• [DATA FOR THIS EXERCISE]
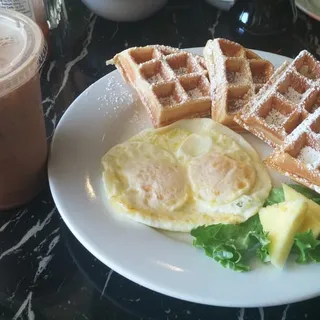 Iced Mexican Mocha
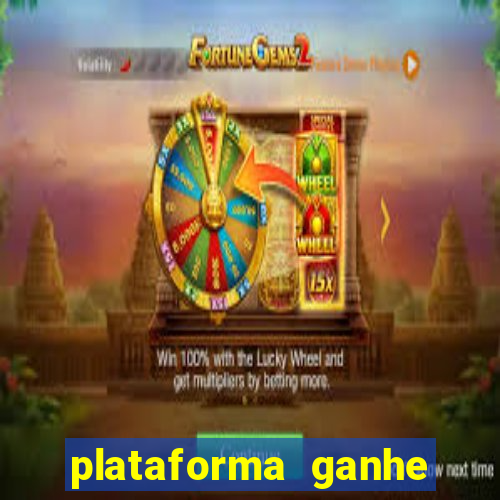 plataforma ganhe dinheiro jogando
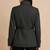 Brand New Nine West Women's Coat Jacket Black S 2 thumbnail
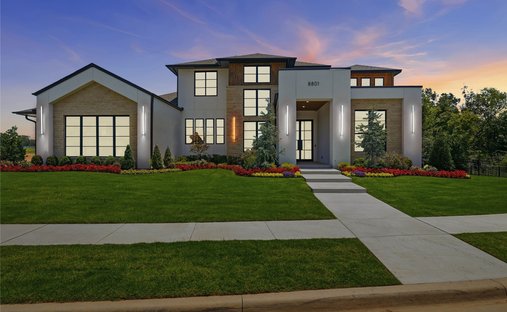 Casa en Broken Arrow, Oklahoma, Estados Unidos 1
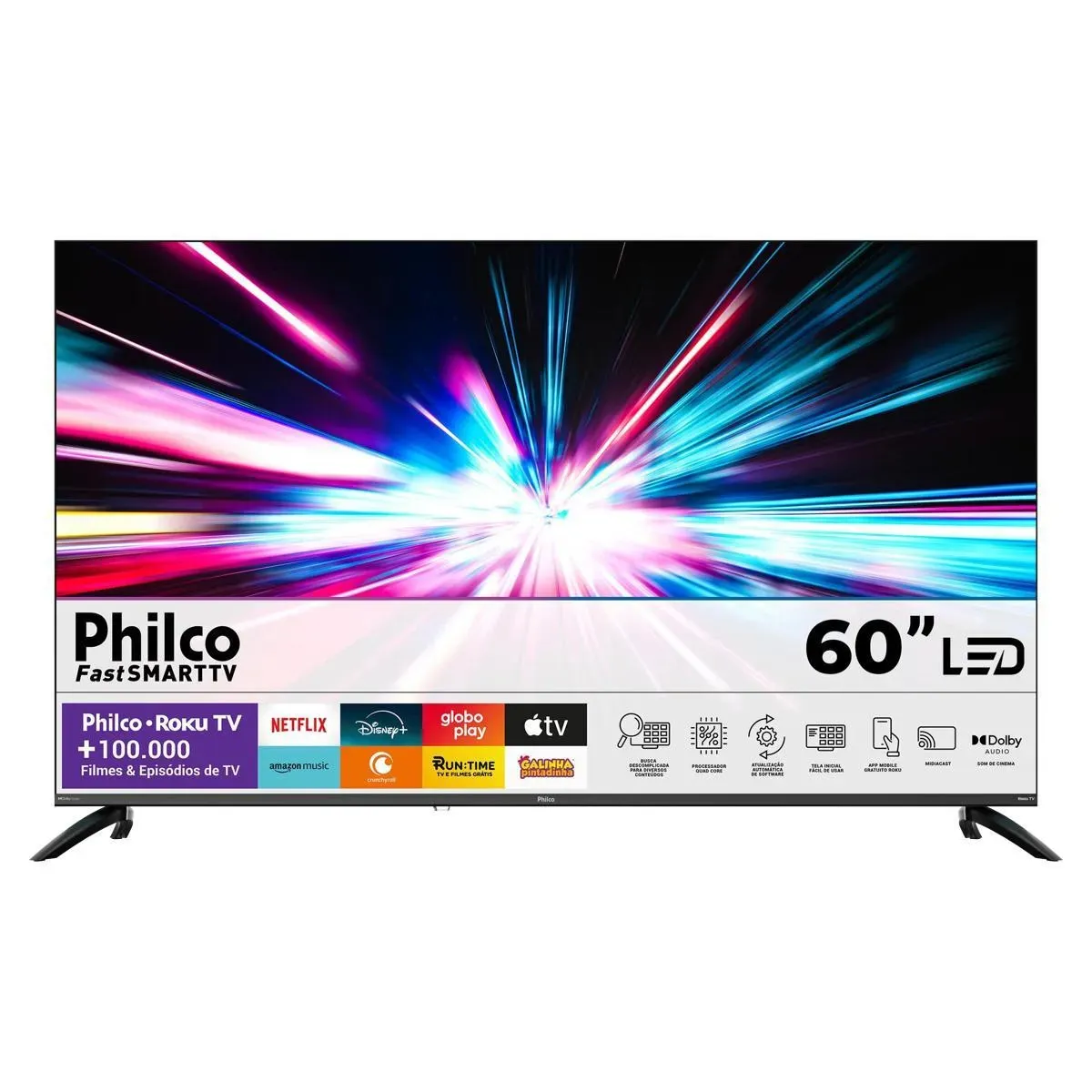 Smart TV Philco 60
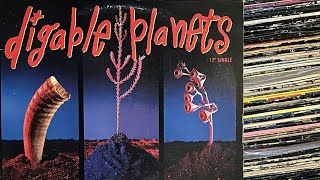 Digable Planets  Where Im From amp Rebirth of Slick Instrumentals [upl. by Marjy777]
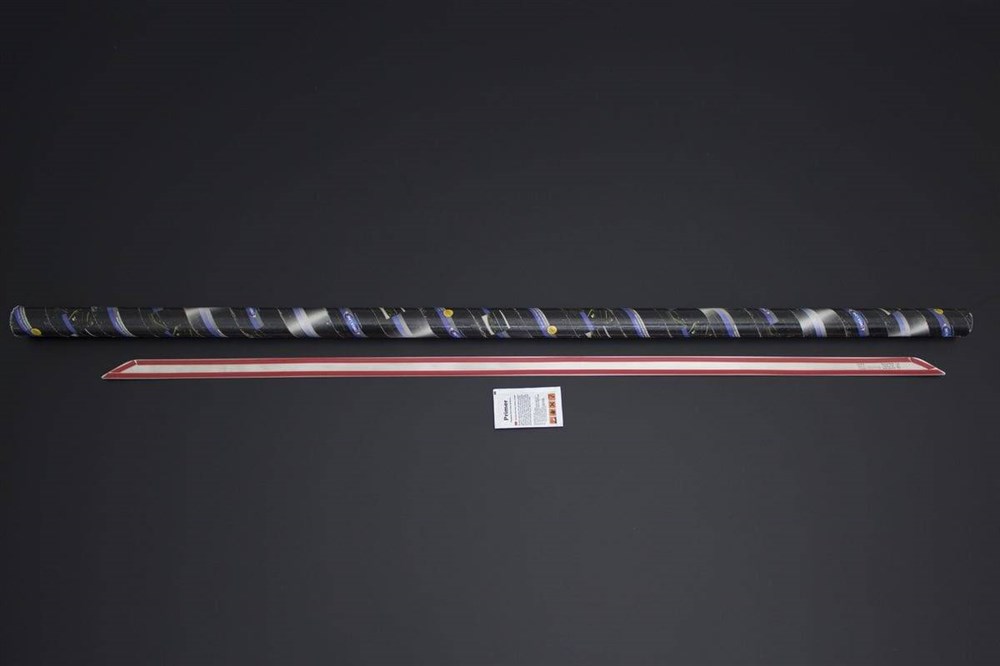 Ford Tourneo Courier Krom Bagaj Alt Çıta 2018 ve Sonrası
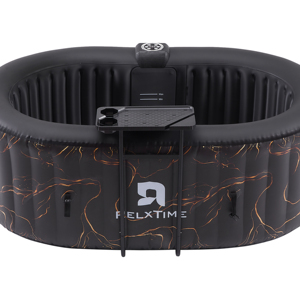 Bain à remous <span class=keywords><strong>gonflable</strong></span> SPA ovale 2 personnes pour l'extérieur - Product Image 1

• [EXERCISE AIM]
Output the lines above verbatim, images excluded.

• [SOLUTION TO THIS TASK]
 Iced Mexican Mocha
 plataforma ganhe dinheiro jogando
 Brand New Nine West Women's Coat Jacket Black S 2 thumbnail
 Casa en Broken Arrow, Oklahoma, Estados Unidos 1
 Smart TV Philco 60
 Digable Planets  Where Im From amp Rebirth of Slick Instrumentals [upl. by Marjy777]
 Ford Tourneo Courier Krom Bagaj Alt Çıta 2018 ve Sonrası
 Bain à remous <span class=keywords><strong>gonflable</strong></span> SPA ovale 2 personnes pour l'extérieur - Product Image 1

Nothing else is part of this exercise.